Hu Si-Le, Chen Ying-Li, Zhang Lu-Qiang, Bai Hui, Yang Jia-Hong, Li Qian-Zhong
School of Physical Science and Technology, Inner Mongolia University, Hohhot, China.
The State Key Laboratory of Reproductive Regulation and Breeding of Grassland Livestock, Inner Mongolia University, Hohhot, China.
Front Mol Biosci. 2024 Sep 5;11:1452142. doi: 10.3389/fmolb.2024.1452142. eCollection 2024.
Long non-coding RNAs (lncRNAs) play crucial roles in genetic markers, genome rearrangement, chromatin modifications, and other biological processes. Increasing evidence suggests that lncRNA functions are closely related to their subcellular localization. However, the distribution of lncRNAs in different subcellular localizations is imbalanced. The number of lncRNAs located in the nucleus is more than ten times that in the exosome.
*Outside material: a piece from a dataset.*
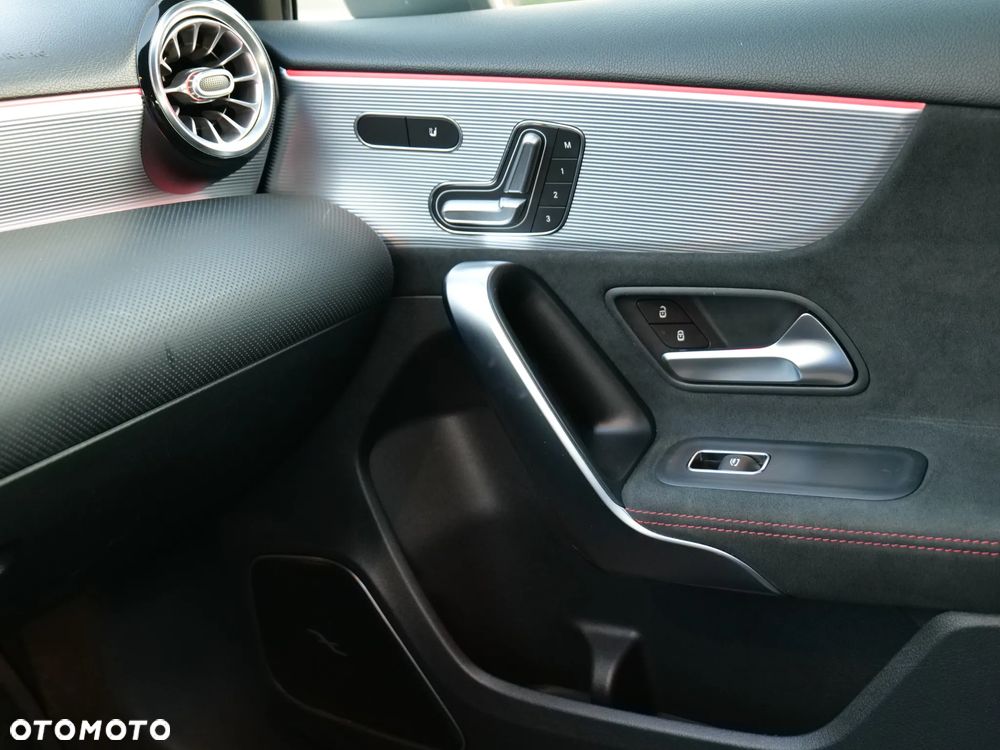 Mercedes-Benz Klasa A 220 4-Matic AMG Line 7G-DCT - 19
In this study, we propose a new oversampling method to construct a predictive dataset and develop a predictive model called LncSTPred. This model improves the Adaboost algorithm for subcellular localization prediction using 3-mer, 3-RF sequence, and minimum free energy structure features.
By using our improved Adaboost algorithm, better prediction accuracy for lncRNA subcellular localization was obtained. In addition, we evaluated feature importance by using the F-score and analyzed the influence of highly relevant features on lncRNAs. Our study shows that the ANA features may be a key factor for predicting lncRNA subcellular localization, which correlates with the composition of stems and loops in the secondary structure of lncRNAs.
长链非编码RNA(lncRNAs)在遗传标记、基因组重排、染色质修饰及其他生物学过程中发挥着关键作用。越来越多的证据表明,lncRNA的功能与其亚细胞定位密切相关。然而,lncRNAs在不同亚细胞定位中的分布并不均衡。位于细胞核中的lncRNAs数量比外泌体中的多十多倍。
在本研究中,我们提出了一种新的过采样方法来构建预测数据集,并开发了一种名为LncSTPred的预测模型。该模型利用3聚体、3-RF序列和最小自由能结构特征改进了用于亚细胞定位预测的Adaboost算法。
通过使用我们改进的Adaboost算法,获得了更好的lncRNA亚细胞定位预测准确率。此外,我们使用F分数评估了特征重要性,并分析了高度相关特征对lncRNAs的影响。我们的研究表明,ANA特征可能是预测lncRNA亚细胞定位的关键因素,这与lncRNAs二级结构中的茎环组成相关。